On a tous entendu des histoires de personnes menant une double vie, on a tous un.e ami.e ou un.e ami.e d'ami.e qui nous a raconté comment Untel a menti sur sa taille en se rajoutant 3 centimètres/sur son âge en se faisant grâce de 5, 8 ou 10 ans/sur sa situation familiale en omettant qu'il (généralement) avait un, deux ou trois enfants.
Alors, me direz-vous, pourquoi aller voir L'Homme aux mille visages film alors que Nadine de la compta ou Jocelyne de la médiathèque du quartier voisin ont sans doute raconté à peu près la même histoire à la machine à café à la pause de 10h30 il y a 4 mois ? Tout simplement parce que...
Cette fois, c'est nous (à travers le regard de la réalisatrice) qui sommes en embuscade, tuyau d'arrosage à la main et qui nous apprêtons à arroser l'arroseur, à la fin.

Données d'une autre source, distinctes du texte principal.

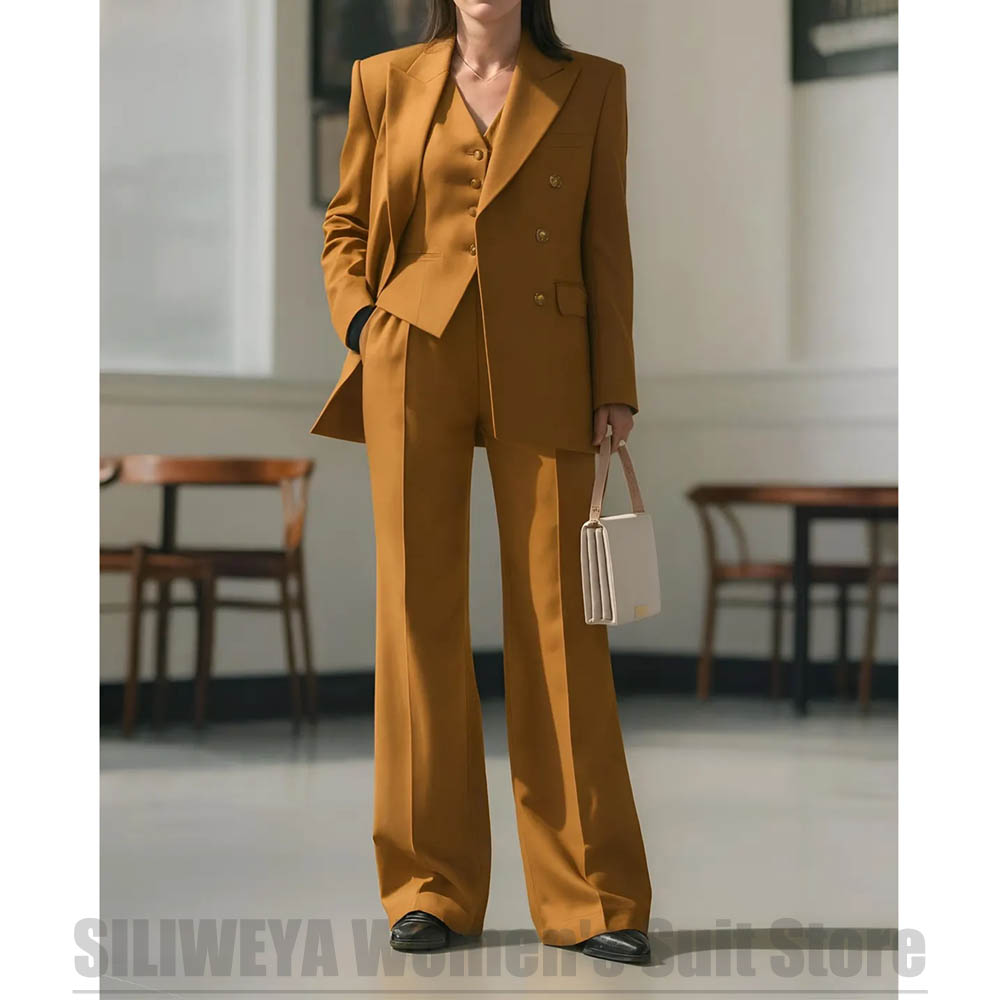 Women's Suit 3 Piece Double Br - Women'S Formal Wear Suits ulasan dan harga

C'est un peu manichéen, un peu binaire peut-être, mais c'est un plaisir sadique qu'on s'autorise en se riant de ce "sociopathe" en se disant que ces femmes ont le droit à cette petite vengeance. Vous ne pensez pas ?
Au jeu du shérif et du bandit mythomane, il faut bien que ce dernier se fasse tôt ou tard rattraper par ses mensonges.

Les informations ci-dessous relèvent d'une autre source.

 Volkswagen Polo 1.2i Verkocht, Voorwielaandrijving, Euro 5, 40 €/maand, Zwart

On pense au début passer un moment léger en mangeant du pop corn jusqu'à voir ledit Ricardo en action, petits sadiques que nous sommes, mais très vite, on se surprend à vouloir que quelque chose se passe réellement.
A mesure que le fil se déroule, on se rend compte que les femmes qui sont tombées dans son piège bien rodé n'ont pas grand-chose en commun, que ce soit en termes de physique, de mode ou de lieu de vie, de travail. Certaines sont psychologues, d'autres sont issues d'un milieu modeste et toutes ont eu droit à une version différente de notre arnaqueur. Alors qu'ont-elles vu en lui ? Et surtout, comment s'en est-il sorti jusque-là ?

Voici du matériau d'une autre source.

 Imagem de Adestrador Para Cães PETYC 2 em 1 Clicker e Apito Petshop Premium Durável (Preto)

Aller voir L'Homme aux mille visages, c'est soutenir cette enquête personnelle menée par Sonia Kronlund. J'irai même plus loin, c'est carrément un acte féministe et un gros doigt d'honneur placé devant le visage de cet homme à qui on fait la nique en choeur.
Il est difficile de juger le format documentaire car il ne laisse généralement que peu de place à la créativité, mais L'Homme aux mille visages connaît son sujet et en joue. Il se sert de quelques effets pour dédramatiser, tourner en ridicule.
On traite d'un thème important et on est en empathie avec ces femmes qui nous livrent cette histoire, ça on le sait bien, mais cela n'empêche pas de (sou)rire à plusieurs moments. Attention, on ne rit jamais avec lui, nope, on rit de lui.
Il ne s'agit pas d'un film à charge, mais on sait de quel côté on se trouve et heureusement. Une malice bienvenue se dégage de ce film et quand arrive le dernier acte, s'il était un regret, ce serait celui que la réalisatrice ne soit pas allée encore plus loin.